To do: Print exactly, and only, the lines from the one that has "Pick A Flat\'s" through the end of the material below, with both ends included and the pictures omitted.
(Beginning of Extracted records)
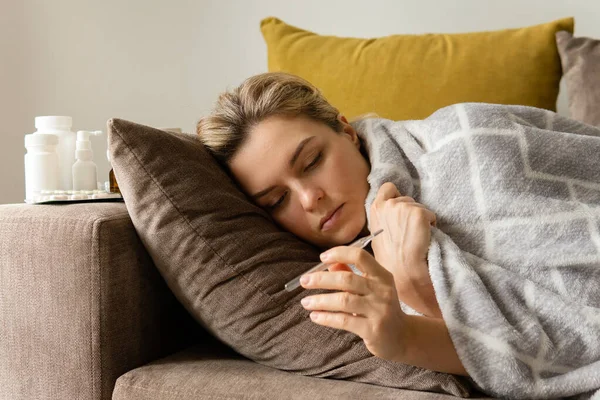 Zieke Vrouw Ligt Bank Het Controleren Van Lichaamstemperatuur — Stockfoto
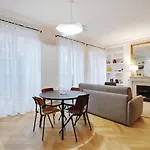 Pick A Flat\'s Apartment in Saint Germain des Près - Rue de Montfaucon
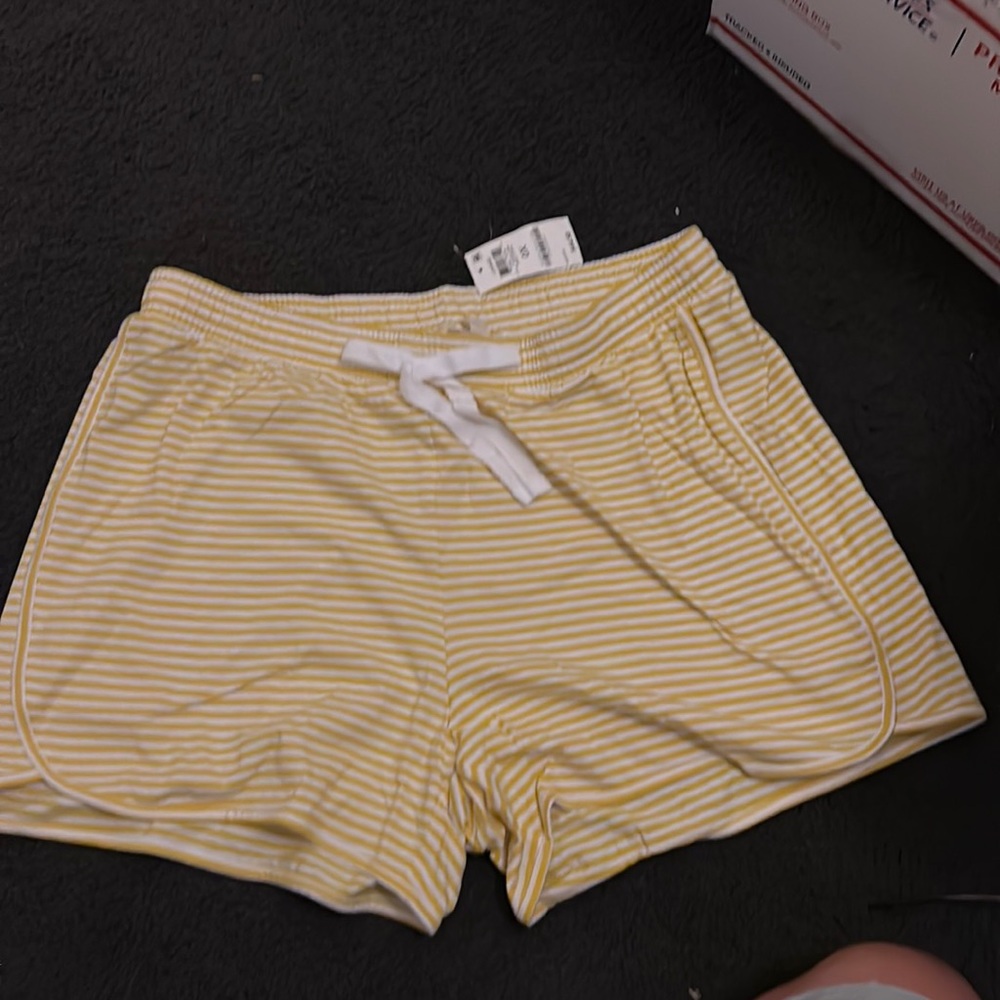 Style @co yellow striped shorts nwt 0X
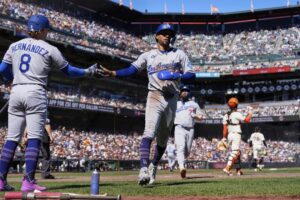 Another offensive outburst carries Dodgers to series win over Giants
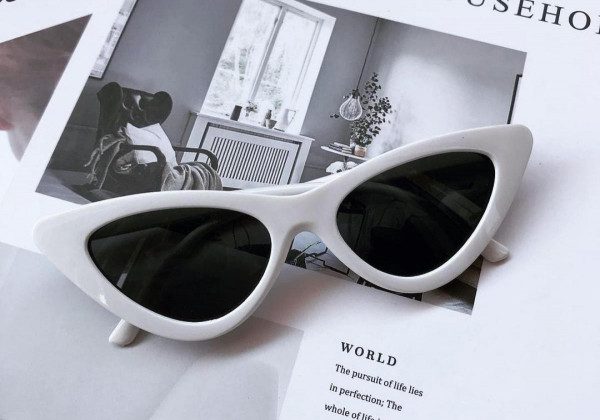 У моду повернулися жіночі сонцезахисні окуляри котяче око з 60-х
(End of Extracted records)
Result:
 Pick A Flat\'s Apartment in Saint Germain des Près - Rue de Montfaucon
 Style @co yellow striped shorts nwt 0X
 Another offensive outburst carries Dodgers to series win over Giants
 У моду повернулися жіночі сонцезахисні окуляри котяче око з 60-х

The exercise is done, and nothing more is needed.